**RECORD SET**
....

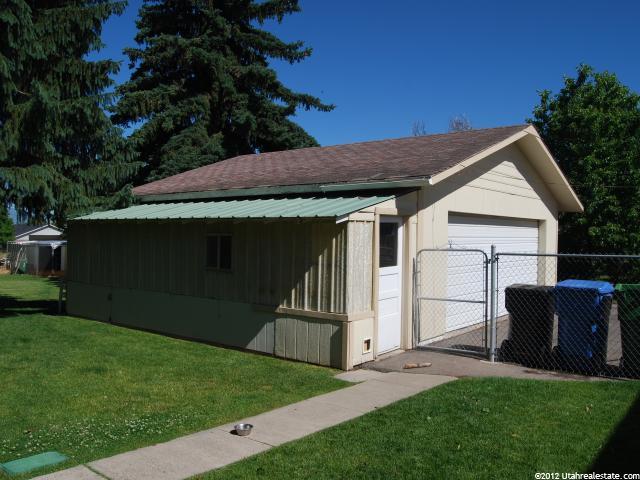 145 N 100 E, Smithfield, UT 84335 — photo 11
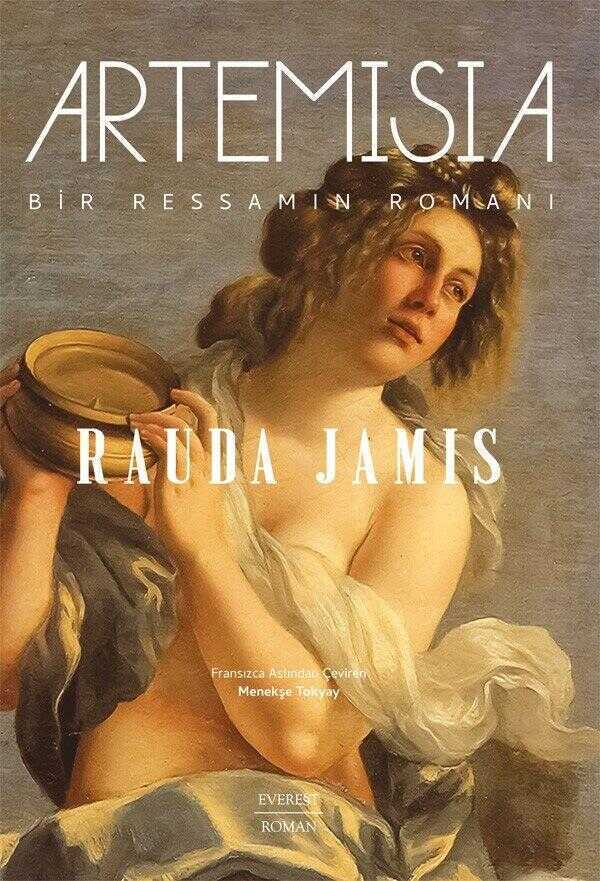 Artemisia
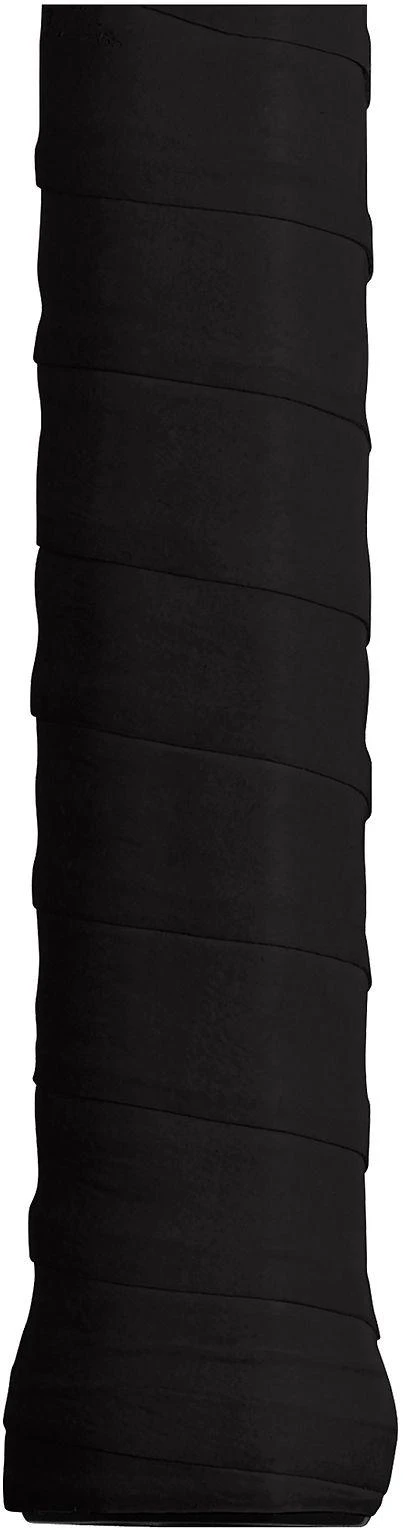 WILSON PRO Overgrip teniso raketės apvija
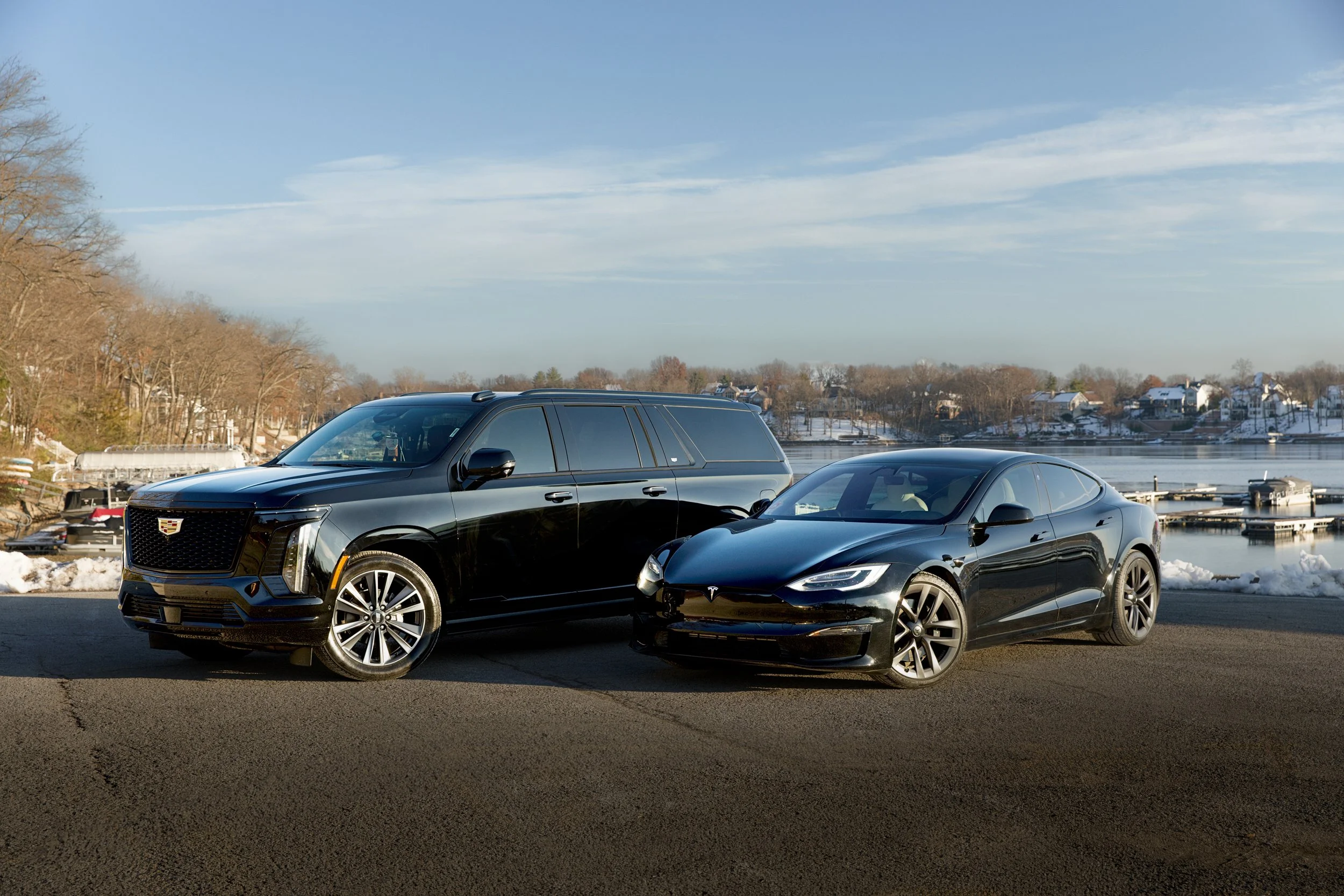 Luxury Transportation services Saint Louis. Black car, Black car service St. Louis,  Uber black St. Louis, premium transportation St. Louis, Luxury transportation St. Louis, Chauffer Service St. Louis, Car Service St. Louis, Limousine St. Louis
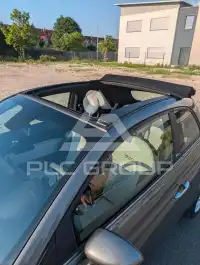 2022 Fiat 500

....

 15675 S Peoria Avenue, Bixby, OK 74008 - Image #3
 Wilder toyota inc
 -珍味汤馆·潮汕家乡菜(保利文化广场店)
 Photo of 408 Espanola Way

....

**TASK BRIEF**
Please copy out from the data above, without any picture, exactly the lines running from the one that holds "145 N 100 E, Smithfield, UT 84335 — photo 11" through the one that holds "2022 Fiat 500", and nothing beyond them.

**OUTPUT FOR THIS TASK**
 145 N 100 E, Smithfield, UT 84335 — photo 11
 Artemisia
 WILSON PRO Overgrip teniso raketės apvija
 Luxury Transportation services Saint Louis. Black car, Black car service St. Louis,  Uber black St. Louis, premium transportation St. Louis, Luxury transportation St. Louis, Chauffer Service St. Louis, Car Service St. Louis, Limousine St. Louis
 2022 Fiat 500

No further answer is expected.